Instructions for the task:
Copy the lines of the data below exactly, starting at the first and stopping after the line that contains "Prunus Persica 'Crimson Var. Bonfire'"; include no pictures.

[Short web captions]

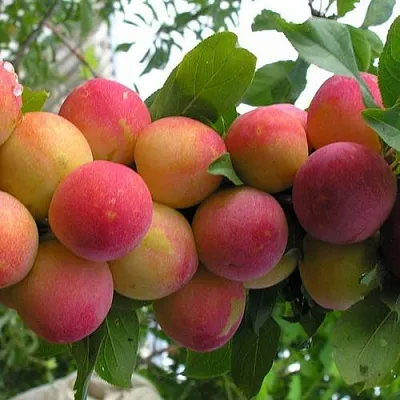 Слива СКОРОПЛОДНАЯ  Слива СКОРОПЛОДНАЯ в Красноярске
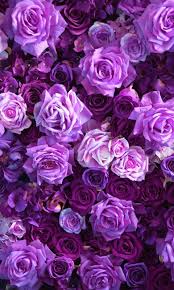 Your desktop & mobile backgrounds. Purple Rose Wallpaper Hd Mobile Background For Android Apk Download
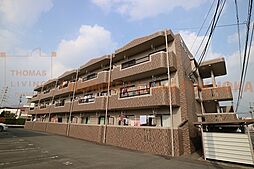 エバーグリーン角園 206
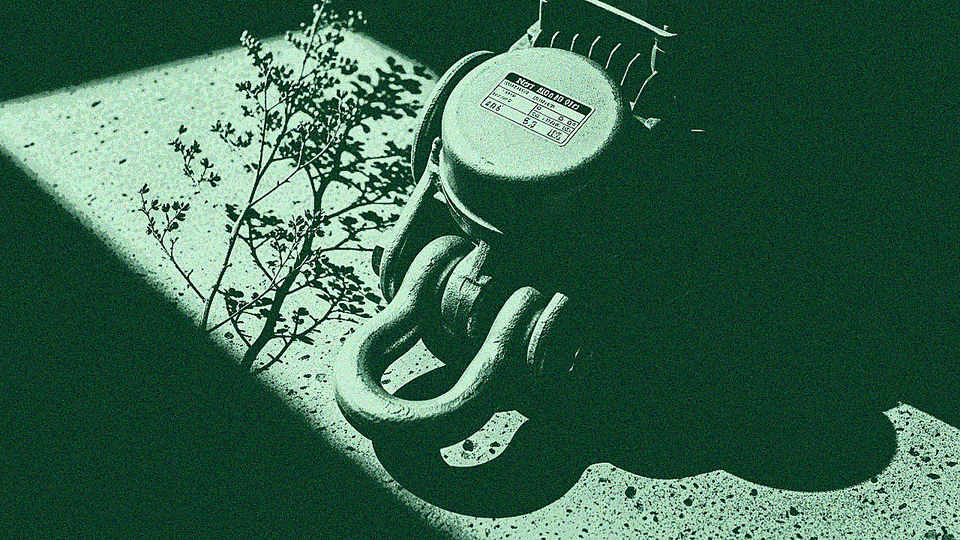 Eutrophisation : définition, causes et enjeux pour les entreprises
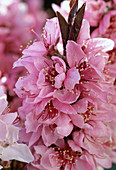 Prunus Persica 'Crimson Var. Bonfire'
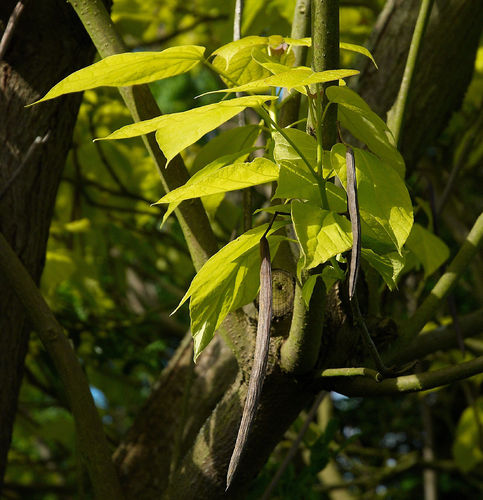 Gold-Trompetenbaum Catalpa bignonioides 'Aurea' Pflanze 25-30cm Beamtenbaum
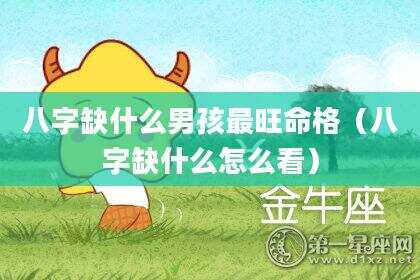 八字缺什么男孩最旺命格（八字缺什么怎么看）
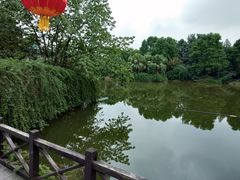 -陶然居·重庆菜(生态园店)
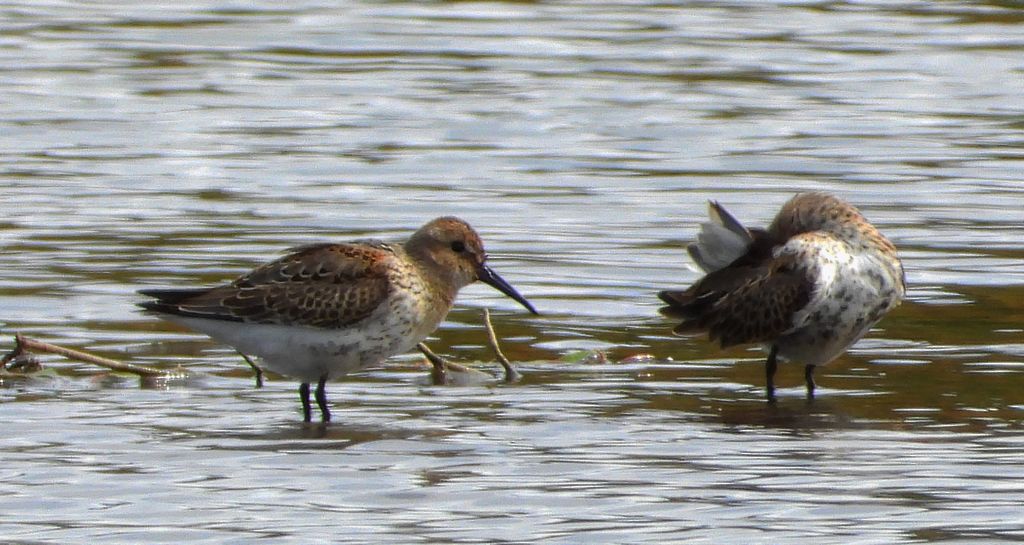 Biegus zmienny (Calidris alpina)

Answer space:
 Слива СКОРОПЛОДНАЯ  Слива СКОРОПЛОДНАЯ в Красноярске
 Your desktop & mobile backgrounds. Purple Rose Wallpaper Hd Mobile Background For Android Apk Download
 エバーグリーン角園 206
 Eutrophisation : définition, causes et enjeux pour les entreprises
 Prunus Persica 'Crimson Var. Bonfire'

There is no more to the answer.